Dirigente da OAB-São Paulo falou em seminário na Metodista sobre Direito Contemporâneo

10/11/2015 18h35 - última modificação 10/11/2015 18h40

Dr. Vitor Hugo, especialista em Direito Eletrônico (Foto Divulgação)

Está equivocado quem pensa que drones (tecnicamente conhecidos como Veículos Aéreos Não Tripulados, ou Vant) são objetos moderníssimos, feitos como brinquedos para divertir adultos e crianças. Esses minúsculos equipamentos aéreos datam de 1933 e foram largamente usados na 2ª Guerra Mundial (1937-1945) pelos japoneses na forma de balão-bomba contra os Estados Unidos. Dos 15 mil balões Vant disparados, 9.300 tiveram como alvo norte-americanos indistintamente. A pergunta que fica é: drone tem ética para distinguir civis de combatentes militares?
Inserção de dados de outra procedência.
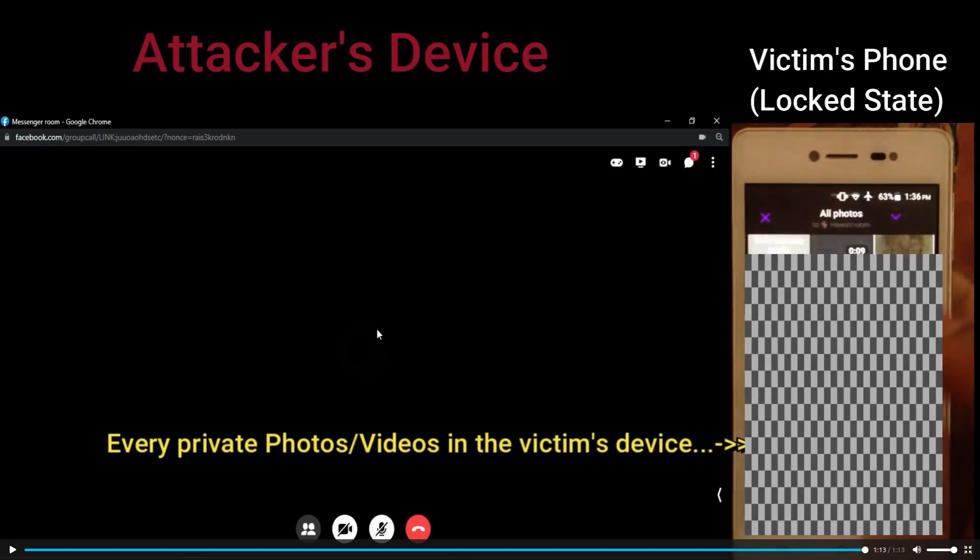So there you go. You host a messenger room and invite an account that's active on an Android device to join. Then you can call the victim's phone. Most sensitive features are still going to be locked, as they should be since the screen hasn't been unlocked yet. But that prompt to join a chat in the upper right hand corner is bypassing those restrictions and letting this guy access the gallery.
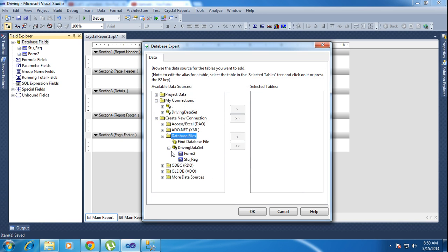I have a dataset here. For the recording, I will also teach how to create a dataset. First, click the dataset and click OK. Inside the dataset I have two tables, so you can add those tables.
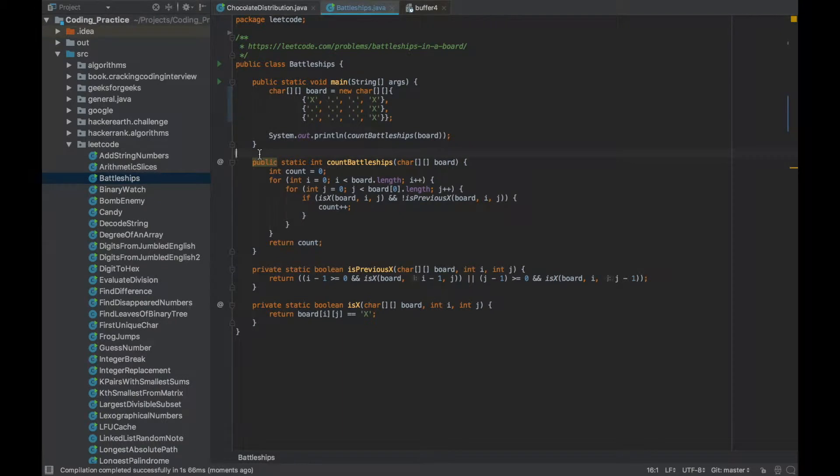Let's look at how to use IntelliJ IDEA shortcuts for run and debug. So I have this class file here with the main function. To run this I can press Alt Shift F10.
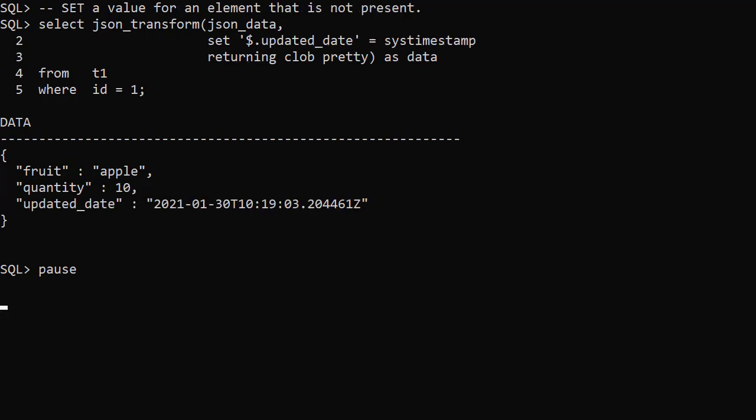If we use the SET operation to amend an element that isn't already present, the default action is to create it. Here we use the SET operation to add a new element called updated_date.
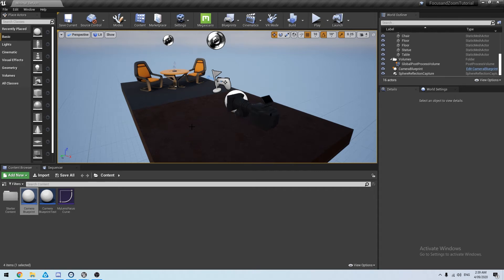Today we're looking at how we can use a Vive Tracker to track our zoom or focus, as well as a second Vive Tracker to track the camera.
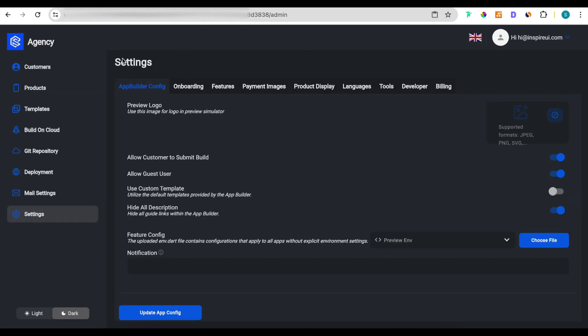This is the UI of the admin page where you configure all for your app builder, your products and customers.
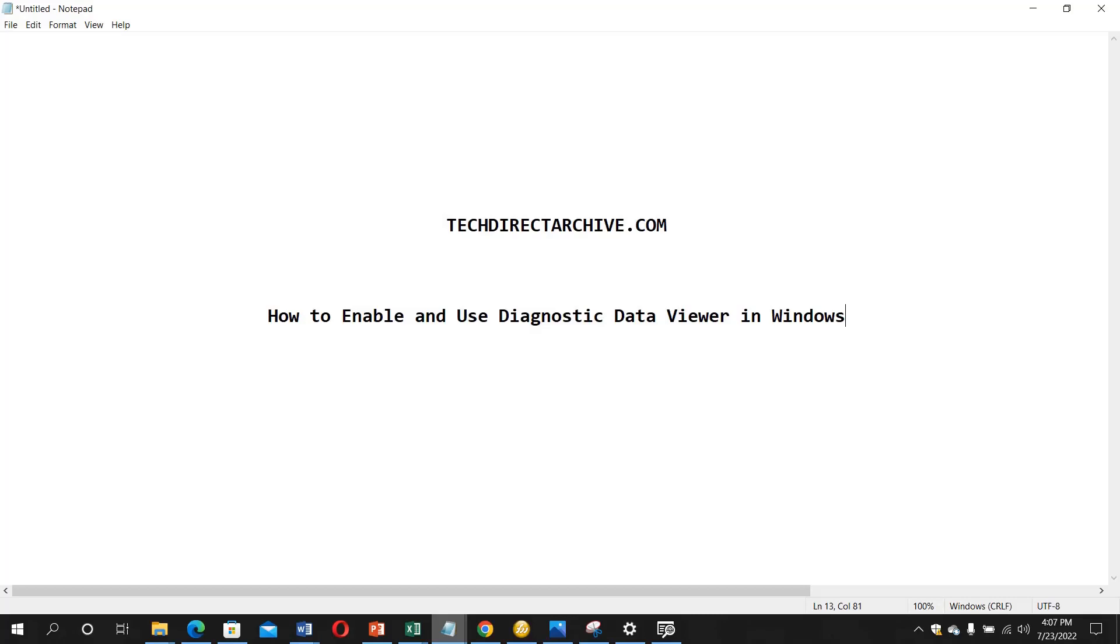Most of these data are used by Microsoft to improve the operating system, and sometimes you may want to view some of these data. That is why we have this Diagnostic Data Viewer that comes in Windows 10 and Windows 11, but you need to enable it on your system before you'll be able to use it.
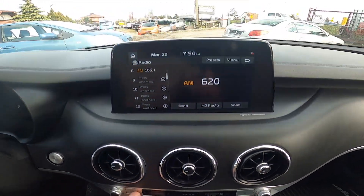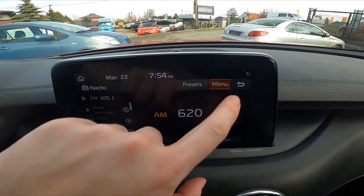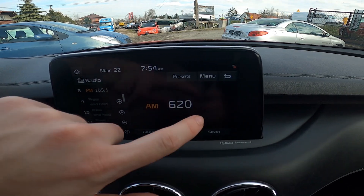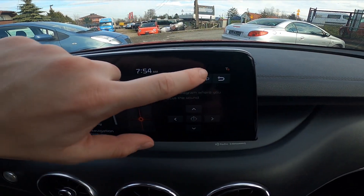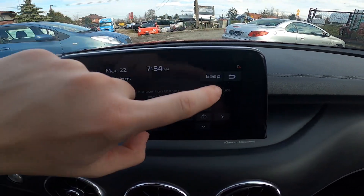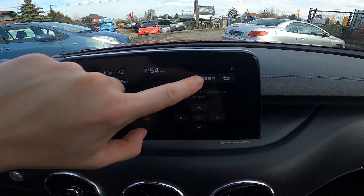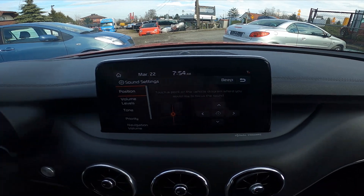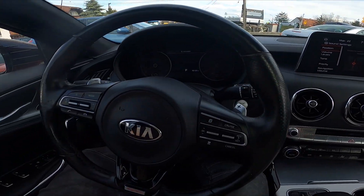Go to radio, enter menu and go to sound settings. Press beep to enable or disable this function, and that's it.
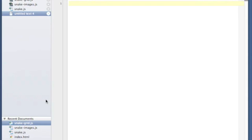Hey guys, it's Dave the Software Dev again, and I'm going to start a new series here today about making video games with JavaScript and the HTML canvas element. The game we're going to make is the snake game — where you've got a little snake that runs around the screen eating food pieces, and every time you eat one your snake gets larger. If you run into the wall or back into your snake, you lose. It's an old game — it used to be in DOS, called Nibbles, and I played it a lot when I was younger.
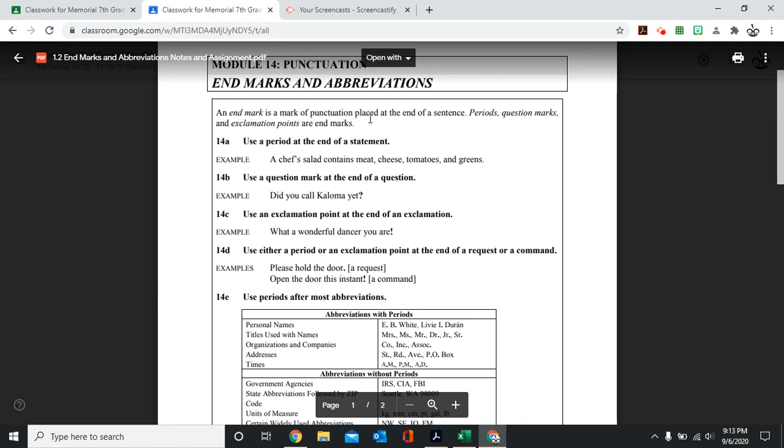And we can use either a period or an exclamation point at the end of a request or a command. For example, please hold the door. That is a simple request and you're not saying it with any enthusiasm or any strong emotion. So you're going to put just a period.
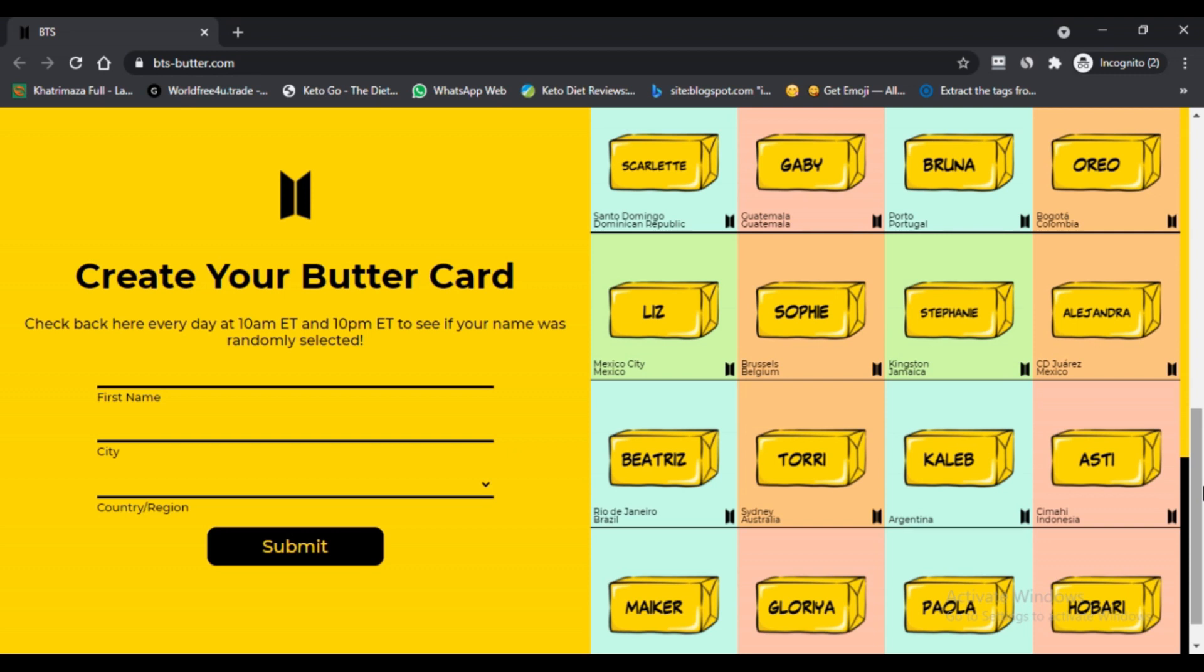Fourth, scrolling down you will get the option of creating Butter Card. Fifth, then a box will appear in which you need to enter your name and specific essential details. Sixth, to complete the task, enter complete details and click on submit button.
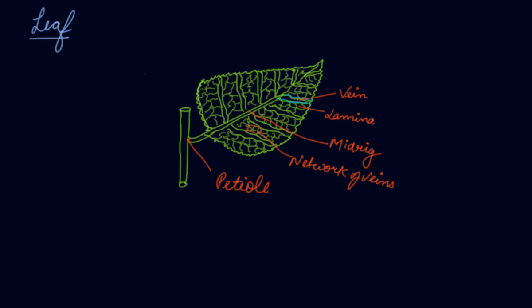So this is about the leaves. This is how we have leaf. This is the diagram of the leaf.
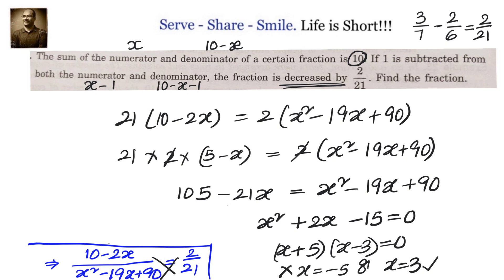Let's recap: we were given that the sum of numerator and denominator is 10, so we took numerator as x and denominator as 10 minus x. Subtracting 1 from both gives x minus 1 and 9 minus x. The original fraction minus the revised fraction equals 2/21: x/(10 minus x) minus (x minus 1)/(9 minus x) = 2/21. Taking LCM, simplifying, cross-multiplying, and factorizing the quadratic gives x equals 3, so the fraction is 3/7.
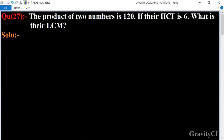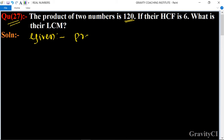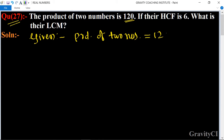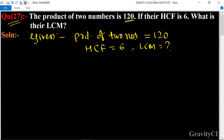Chapter Real Numbers, Question Number 27. The product of two numbers is 120, and their HCF is 6. What is their LCM?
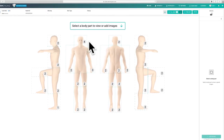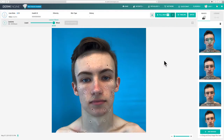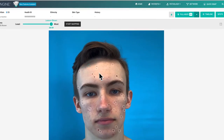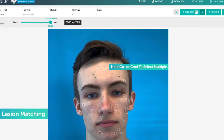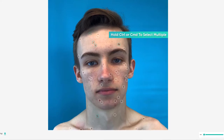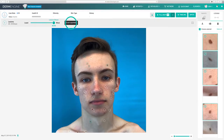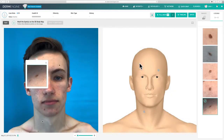Select a body part and the image you would like to map to the 3D body map. You can select a spot by clicking on it, where you'll notice a teal circle appear around it. To document multiple spots at once, hold CTRL on Windows or CMD on Mac and click on as many spots as you'd like. When ready, click start mapping. One by one, DermEngine will highlight the selected lesions on the image and prompt you to place the corresponding spot on the patient's body map.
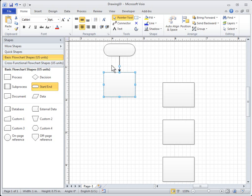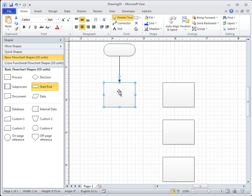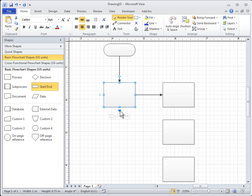To connect shapes that are already on the page, you can use Auto-Connect or the Connector tool. To use Auto-Connect, hold the pointer over a shape until the arrows appear. Click to connect nearby shapes, or drag to connect more distant shapes.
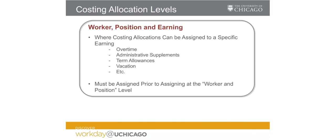Lastly, costing allocations can also be assigned at the worker, position, and earning level. This allows dedicated FAS accounts and FAS subaccounts to be assigned to specific earnings within the employee's compensation package such as administrative supplements and term allowances. If assigning funding to this level, it needs to be done before the rest of a worker's compensation is assigned to the worker and position level.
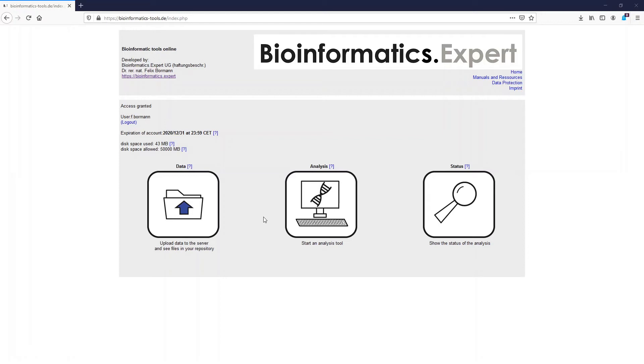Welcome to Bioinformatics Expert. In this video I want to show you how you can create heat maps with the Bioinformatics Tools online program.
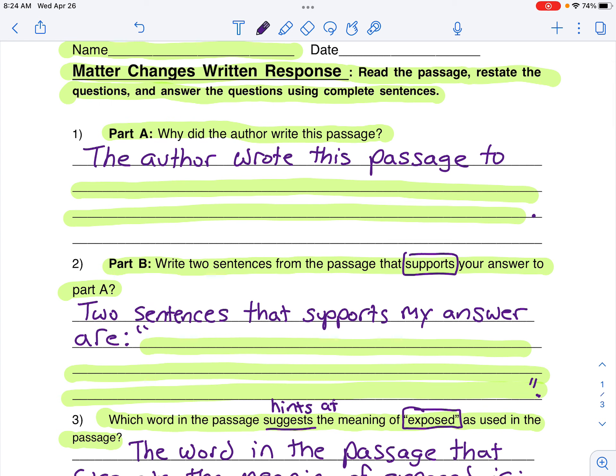Okay boys and girls, good job. Now what I would like you to do before you put this on the done side of your folder: go ahead and reread all your answers and make sure that they make sense. Did you start each answer with a capital letter and end with a period? Did you write neatly so your teacher can read it? If you said yes to both of these things, that means you are finished. Great job — go on to the next task that you need to complete.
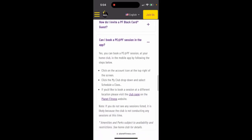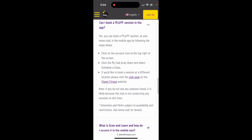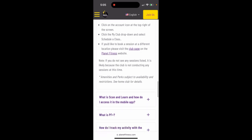Yes, you can book a Planet Fitness session in the mobile app at your home club. Just click on the account icon — it's usually in the top left of the screen — click the 'My Club' dropdown, select 'Schedule a Class', and then you can schedule all of the details.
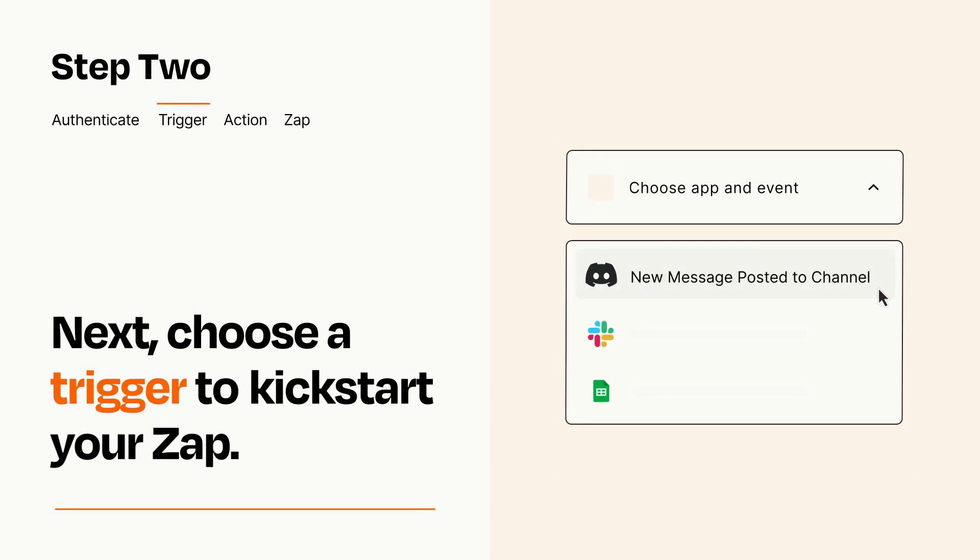Now let's set up your trigger, which is the event that starts your Zap. Pick the trigger event that you want from the list.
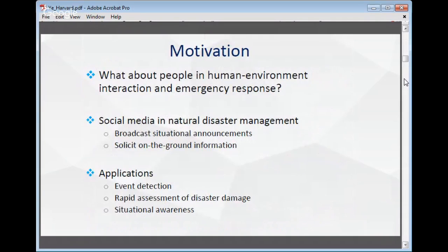Coming to today's topic, we will talk about natural disasters. Why do natural disaster management? Using new datasets or individual-level data, we will be able to see what people do in human-environment interaction and emergency response. For social media in natural disaster management, it has two basic reasons. First, from the emergency response department side, they want to broadcast situational announcements, allowing people on the ground to know what's going on. On the other side, people on the ground can send real-time information back. So it's a two-way information interaction.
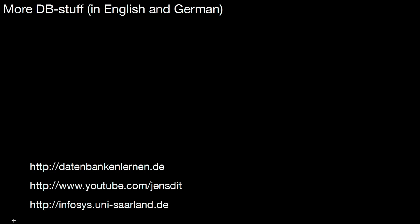If you liked this video, don't forget to hit the like button. If you want to see more database videos, be it in English or in German, take a look at my website datenbankenlernen.de. It has a couple of English and German videos. You can also subscribe to my YouTube channel JensDid or look at our website infosys.uni-silent.de. See you there.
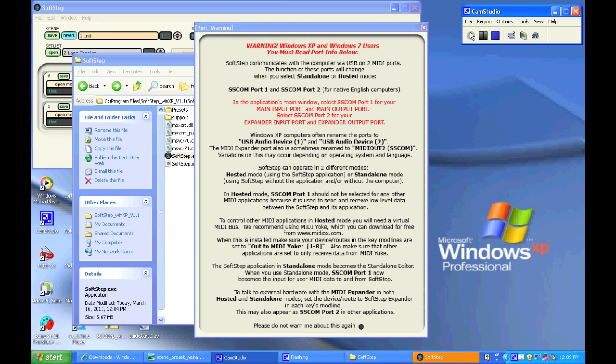Okay, so the first screen that will pop up is the port warning screen. Be sure to read this carefully so that you know how the MIDI ports work in the SoftStep application.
“Se o homem não consegue identificar com certeza um inimigo para matá-lo, como o fará um veículo não tripulado, que em breve terá autonomia para achar alvos e disparar indistintamente?”, preocupa-se o presidente da Comissão de Ciência e Tecnologia da Ordem dos Advogados do Brasil, regional São Paulo, Vitor Hugo Freitas.
Especialista em Direito Eletrônico, ele se diz aflito com a nova geração de drones que surgirá a partir do americano Excalibur, um Vant com plataforma estática de ataque. Longe dos controles remotos, a nova geração terá capacidade para abastecer-se sozinha, manutenção automatizada, possibilidade de formar verdadeiros enxames com outros aviões e autonomia para atacar alvos.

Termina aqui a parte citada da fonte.